Xi si mette nella Costituzione Vuole essere il nuovo Mao

I suoi principi politici saranno inseriti nella Carta cinese. Confermato il binomio «mercato e dittatura»

Davide Zamberlan

Prima di lui è toccato solo a Mao Zedong e Deng Xiaoping, i padri fondatori della Cina moderna. Gli unici che hanno avuto l'onore di vedere inserire nella Costituzione del gigante asiatico i principi del loro pensiero politico. A tanto sta puntando Xi Jinping, presidente uscente e che però sarà riconfermato alla guida del Paese per un secondo mandato. Basterebbe questo per inquadrare l'importanza del Congresso del Partito Comunista Cinese che si è aperto ieri a Pechino e che durerà una settimana. Ma c'è di più. Nelle nomine che verranno ufficializzate nei prossimi giorni e che porteranno a un rinnovo quasi totale del Comitato Permanente del Partito, il cuore del potere del regime, si potrà intuire il futuro di Xi Jinping. Nel caso non dovesse infatti uscire un'indicazione chiara sul delfino che gli dovrebbe succedere nel 2022, vorrà dire che la sua era potrà continuare per un terzo, inedito mandato. Venendo meno alla consuetudine che dagli anni novanta vede i presidenti cinesi rimanere in carica per non più di due mandati. Un'eccezionalità che renderebbe il regno di Xi Jinping il più lungo dai tempi di Deng Xiaoping.

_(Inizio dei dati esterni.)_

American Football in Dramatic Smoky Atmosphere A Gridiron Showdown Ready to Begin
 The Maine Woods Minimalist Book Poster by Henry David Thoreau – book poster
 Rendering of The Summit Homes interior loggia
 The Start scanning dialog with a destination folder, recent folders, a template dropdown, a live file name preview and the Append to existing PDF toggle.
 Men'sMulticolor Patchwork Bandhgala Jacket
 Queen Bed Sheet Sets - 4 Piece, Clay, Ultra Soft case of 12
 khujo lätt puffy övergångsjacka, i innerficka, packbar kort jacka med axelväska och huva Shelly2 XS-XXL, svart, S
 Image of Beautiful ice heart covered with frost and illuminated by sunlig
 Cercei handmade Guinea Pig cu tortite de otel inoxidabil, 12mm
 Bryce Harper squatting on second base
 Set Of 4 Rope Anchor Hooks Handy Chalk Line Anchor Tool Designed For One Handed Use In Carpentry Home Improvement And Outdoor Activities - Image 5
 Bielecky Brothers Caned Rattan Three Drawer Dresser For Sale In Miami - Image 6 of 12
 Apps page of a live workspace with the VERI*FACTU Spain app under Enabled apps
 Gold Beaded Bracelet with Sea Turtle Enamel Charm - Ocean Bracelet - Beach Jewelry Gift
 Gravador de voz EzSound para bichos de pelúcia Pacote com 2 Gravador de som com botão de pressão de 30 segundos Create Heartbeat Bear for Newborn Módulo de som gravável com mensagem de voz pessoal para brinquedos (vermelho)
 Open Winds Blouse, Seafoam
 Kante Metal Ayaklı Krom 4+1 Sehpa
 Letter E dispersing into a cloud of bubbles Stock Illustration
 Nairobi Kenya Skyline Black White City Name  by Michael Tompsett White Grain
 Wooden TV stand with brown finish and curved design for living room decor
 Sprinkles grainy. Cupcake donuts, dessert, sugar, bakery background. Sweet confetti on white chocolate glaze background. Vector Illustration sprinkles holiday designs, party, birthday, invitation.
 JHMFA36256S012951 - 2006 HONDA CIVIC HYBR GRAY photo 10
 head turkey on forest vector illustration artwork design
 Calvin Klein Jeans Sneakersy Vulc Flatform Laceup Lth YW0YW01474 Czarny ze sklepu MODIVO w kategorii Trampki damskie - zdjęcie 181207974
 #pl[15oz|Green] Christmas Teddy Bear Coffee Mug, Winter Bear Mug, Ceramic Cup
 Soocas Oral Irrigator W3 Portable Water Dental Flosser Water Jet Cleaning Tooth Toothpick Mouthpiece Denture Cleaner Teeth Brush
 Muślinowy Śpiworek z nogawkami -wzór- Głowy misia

Nel discorso di apertura dei lavori, durato quasi 3 ore e mezzo, Xi ha riassunto i traguardi raggiunti durante i suoi primi cinque anni di governo e ha delineato le sfide che attenderanno la Cina nel prossimo futuro. Il presidente ha salutato l'ingresso in una «nuova era» della politica e della potenza cinese, grazie a decenni di lotta senza pausa per fare uscire il gigante asiatico dalle sabbie della povertà. Paese in via di sviluppo, si definisce ancora la Cina, che sarà chiamata ad affrontare importanti sfide: «Non sarà una passeggiata al parco», ha detto Xi ai quasi 2.300 delegati giunti da ogni parte del Paese.

Se la Cina dovrà continuare a crescere per procedere lungo la strada dello sviluppo e soffocare la forze centrifughe che ne minano la stabilità, lo farà puntando di più sui consumi interni e sulla produzione manifatturiera di qualità, «concentrandosi sull'economia reale». Economia che si aprirà ancora di più verso l'estero proteggendo «i diritti e gli interessi legittimi degli investitori stranieri». Un'apertura economica che però non sarà accompagnata da nessuna riforma politica in senso occidentale. La Cina, infatti, si avvia a diventare «un grande, moderno, Paese socialista» entro il 2050, guidato da un socialismo che avrà caratteristiche cinesi. Cioè con una compresenza di apertura al mercato e di una ferrea e indiscutibile supremazia del Partito Comunista. In tal senso Xi ha espressamente escluso che ci possa essere «un paese, due sistemi»: nessuna svolta democratica per l'irrequieta Hong Kong, in cui anche in queste ore si stanno registrando proteste politiche contro il governo cinese.

In politica estera, se da un lato Xi ha affermato che la Cina non ha mai costituito una minaccia per gli altri stati dall'altro ha rivendicato come uno stabile progresso la costruzione delle installazioni militari nelle isole Spratly,

contese con gli altri Paesi che si affacciano sul mar cinese meridionale. La Cina, nella parole di Xi, non cerca un'egemonia globale ma «nessuno dovrebbe aspettarsi che accetti di ingoiare qualcosa che mini i propri interessi».